The present invention is also directed to a kit to diagnose, prognose and/or treat cancer, such as for practicing the method of analyzing the expression of a diagnostic panel including one or more markersfor the diagnosis of colorectcal cancer. In another embodiment, the cancer is colorectcal cancer, the colorectcal cancer is non-invasive colorectal cancer. For example, the kit may contain compositions for analyzing a diagnostic panel with any of the following biomarkers: TFPI2, THBD, C9ORF50, ADHFEl, FGF12, PTPRT, ZNF568, KIAA1026, SFMBT2, and/or AUTS2. In some embodiments the kit contains compositions detecting and amplifying expression of TFPI2, THBD, C9ORF50, ADHFEl, FGF12, PTPRT, ZNF568, KIAA1026, SFMBT2, and/or AUTS2, as described above.

In various embodiments, TFPI1 can be detected using, for example, the primer combination described by SEQ ID NO: 1 and 2, in further combination with a probe, such as SEQ ID NO. 31. In another embodiment, THBD can be detected using, for example, the primer combination described by SEQ ID NO: 3 and 4, in further combination with a probe, such as SEQ ID NO. 32. In another embodiment, can be detected using, for example, the primer combination described by SEQ ID NO: 5 and 6, SEQ ID NO: 7 and 8, SEQ ID NO: 9 and 10, or SEQ ID NO: 29 and 30 in further combination with a probe, such as SEQ ID NO. 33, 34, or 43. In another embodiment, ADHFEl can be detected using, for example, the primer combination described by SEQ ID NO: 11 and 12, or SEQ ID NO: 13 and 14, in further combination with a probe, such as SEQ ID NO. 35. In another embodiment, FGF-12 can be detected using, for example, the primer combination described by SEQ ID NO: 15 and 16, in further combination with a probe, such as SEQ ID NO. 36. In another embodiment, PTPRT can be detected using, for example, the primer combination described by SEQ ID NO: 17 and 18, in further combination with a probe, such as SEQ ID NO. 37. In another embodiment, ZNF568 can be detected using, for example, the primer combination described by SEQ ID NO: 19 and 20, in further combination with a probe, such as SEQ ID NO. 38. In another embodiment, KIAA1026 can be detected using, for example, the primer combination described by SEQ ID NO: 21 and 22, in further combination with a probe, such as SEQ ID NO. 39. In another embodiment, SFMBT2 can be detected using, for example, the primer combination described by SEQ ID NO: 23 and 24, or SEQ ID NO: 23 and 24 in further combination with a probe, such as SEQ ID NO. 41 or 42. In another embodiment, AUTS2 can be detected using, for example, the primer combination described by SEQ ID NO: 27 and 28 in further combination with a probe, such as SEQ ID NO. 42.

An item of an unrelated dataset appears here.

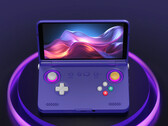 Dimensity 1100 版 Pocket Flip 2 有四种首发颜色。(图片来源：Retroid）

In some embodiments the kit contains a composition including biomarkers for detecting and amplifying expression of THBD and C9ORF50. In some embodiments the kit contains compositions for detecting and amplifying expression of THBD. In other embodiments, the marker is methylated, for example, THBD-M or C9ORF50-M. In other embodiments, the methylation is partial or full methylation. In some embodiments the kit contains a composition for detection a biomarker from a sample of blood, serum, and/or plasma. In various embodiments, the kit is an assemblage of materials or components, including at least one of the inventive compositions described herein. In various embodiments, at least one of the inventive compositions is a nucleic acid sequence described in Table 3.

Instructions for use may be included in the kit. "Instructions for use" typically include a tangible expression describing the technique to be employed in using the components of the kit to effect a desired outcome, such as to prognose or predict progression of bladder cancer. Optionally, the kit also contains other useful components, such as, diluents, buffers, pharmaceutically acceptable carriers, syringes, catheters, applicators, pipetting or measuring tools, bandaging materials or other useful paraphernalia as will be readily recognized by those of skill in the art.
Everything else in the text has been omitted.